Averitt has incorporated his interest in the work of Langston Hughes into several of his compositions.  His “Afro-American Fragments,” composed in 1991 with the text of a 1930 poem by Hughes,  has been performed by a number of professional choruses, including the Grammy winning ensemble, Conspirare, which in 2004 released three movements of the work on their CD through the green fuse.

“Afro-American Fragments” also has been performed by the Washington Singers, the Desert Chorale, the New Texas Festival, the Air Force Singing Sergeants, Kantorei (Denver, CO), Winchester Musica Viva and by numerous university choruses throughout the country, including last year by the University Singers.

More recently, Averitt has written two more works based on Hughes’ poetry. “The Dream Keeper” was composed in 2009 for Choral Arts of Seattle and included on their CD Mornings Like This, while “The Deepness of the Blue” originally was composed in 2012 for Texas Lutheran University, with subsequent performances from Choral Arts Northwest and the Evansville University Choir.

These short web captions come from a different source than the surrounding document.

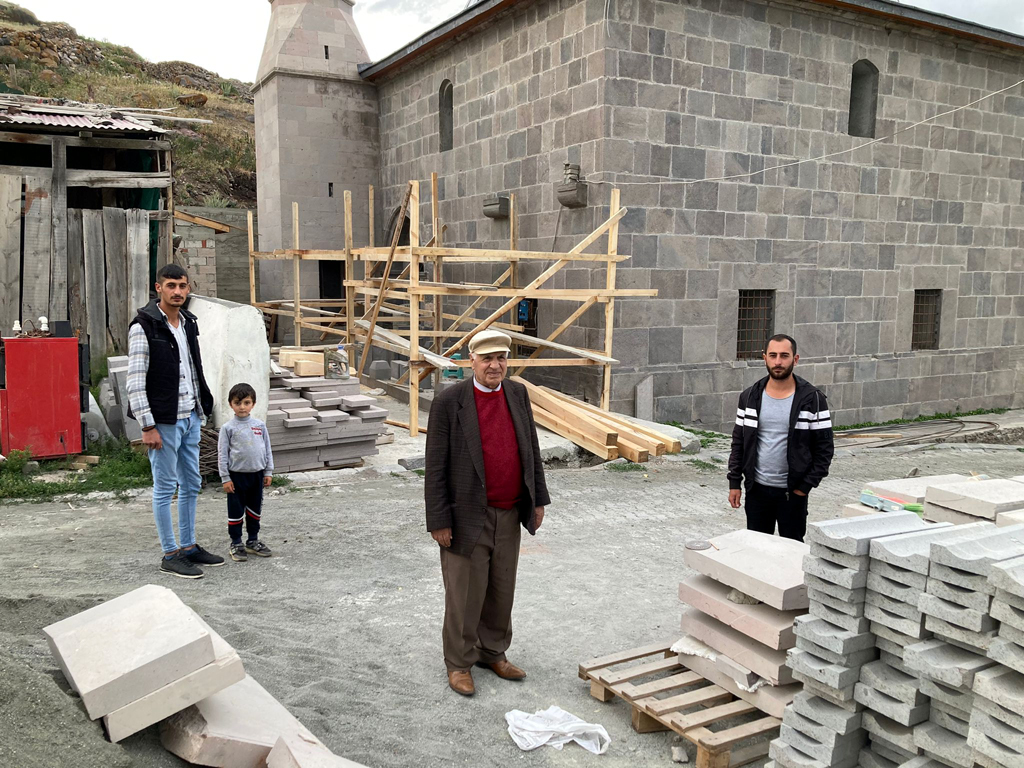 DEDEŞEN, 2 HAFTA DIŞ DÜNYAYA KAPANACAK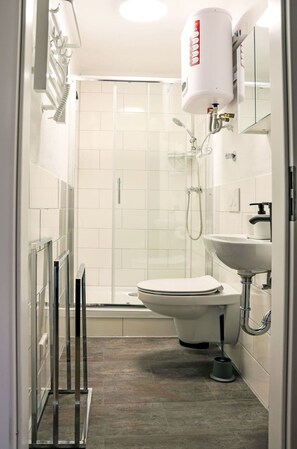 Siège De Toilette, Sol, Design Intérieur, Sol, Toilette, Luminaire Plomberie, Salle De Bains, Plomberie, Pièce, Évier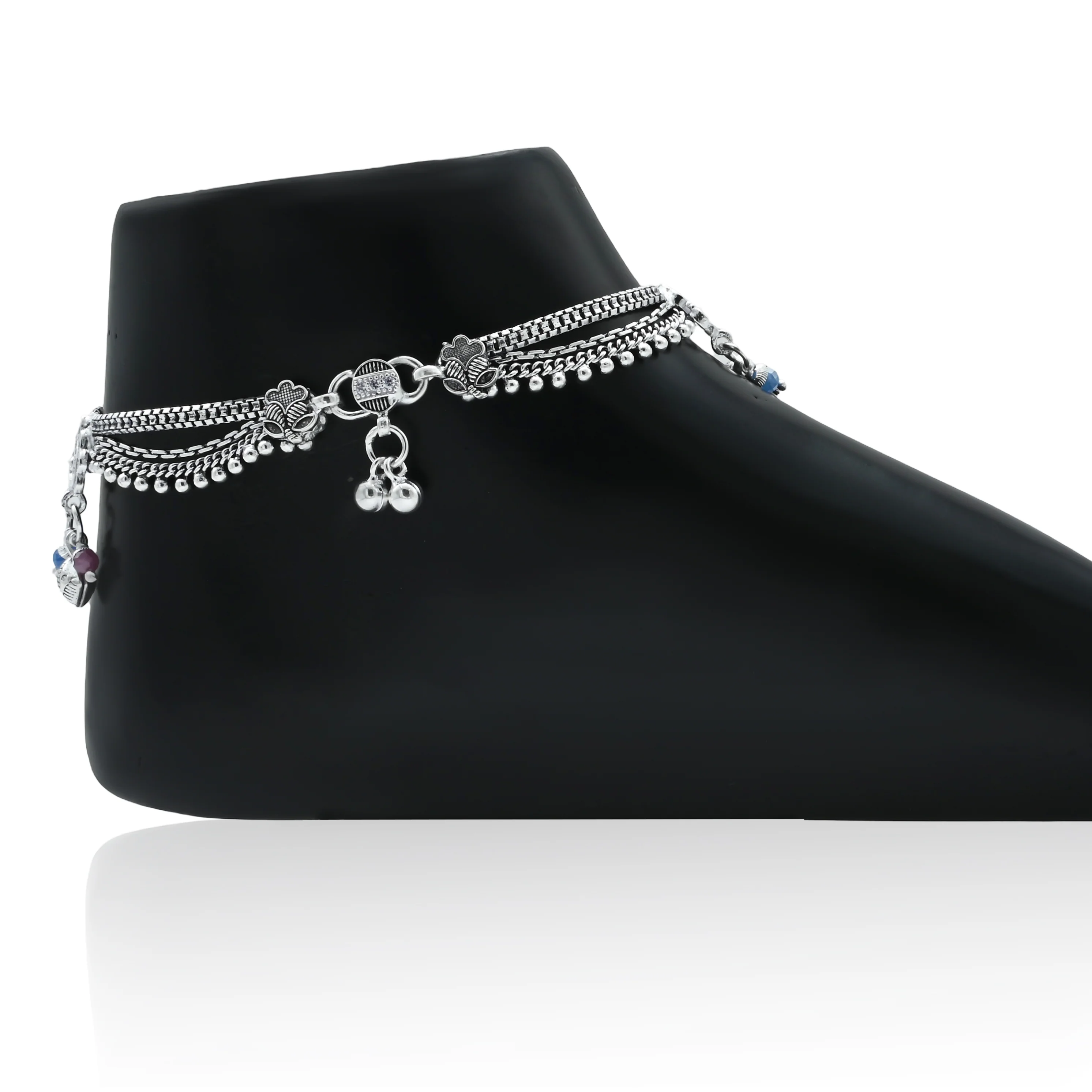 Silver anklet design with gemstones and floral shape - Image 4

All three of Averitt’s Hughes-related cycles were recorded by the UMKC Conservatory Singers and released as an album titles The Deepness of the Blue on MSR Classical.

Performing Hughes’ work in Missouri actually brings the poet back to his roots, for though he is identified in the popular imagination with the Harlem Renaissance, Hughes in fact was a native Midwesterner, born in Joplin, Missouri and raised in Lawrence, Kansas.

A prolific poet, essayist, novelist, and playwright as well as a social activist, Hughes wrote a wide variety of works ranging from personal to political, chronicling the lives and feelings of 20th century African-Americans, as well as the social conditions they endured, in a way that still resonates today.

Hughes during his lifetime was closely associated with jazz music, not only as a listener, but as a participant – reciting his poetry on record with Charles Mingus, contributing lyrics to pianist Randy Weston’s album Uhuru Afrika, and even writing a children’s book called The First Book of Jazz.

More recently, his epic poem “Ask Your Mama: 12 Moods for Jazz,” written in 1960, was performed for the first time with music by composer  Laura Karpman in March 2009 at Carnegie Hall, and subsequently became the centerpiece of “The Langston Hughes Project”, a multimedia concert presentation.

Averitt’s “Black Pierrot” is based on seven poems by Hughes, each incorporated into a movement of the work. It begins with a celebratory feeling via the poet’s “A Black Pierrot” (1923), “Breath of a Rose” (1944), and “Jazzonia” (1923).

As Averitt writes in his program notes, “the mood changes abruptly and profoundly with the fourth movement,” which features Hughes’ brief 1923 poem, the ironically titled “Justice.” and is followed by musical settings of “Song for a Dark Girl” (1927), “Silhouette” (1944), and the concluding “To a Dead Friend” (1922).

As a side note, while the title and text of “Black Pierrot” come from Langston Hughes, the title and the work’s instrumentation also reference another significant cultural figure of the 20th century, composer Arnold Schönberg.

Specifically, “Black Pierrot” is written for soprano, choir and a sextet of flute, clarinet, violin, cello, piano and percussion, an instrumental ensemble that sometimes is called a “Pierrot plus percussion,” after Schönberg’s “Pierrot Lunaire,” which was written in 1912 for a single vocalist accompanied by a similarly configured quintet of two winds, two strings, and piano.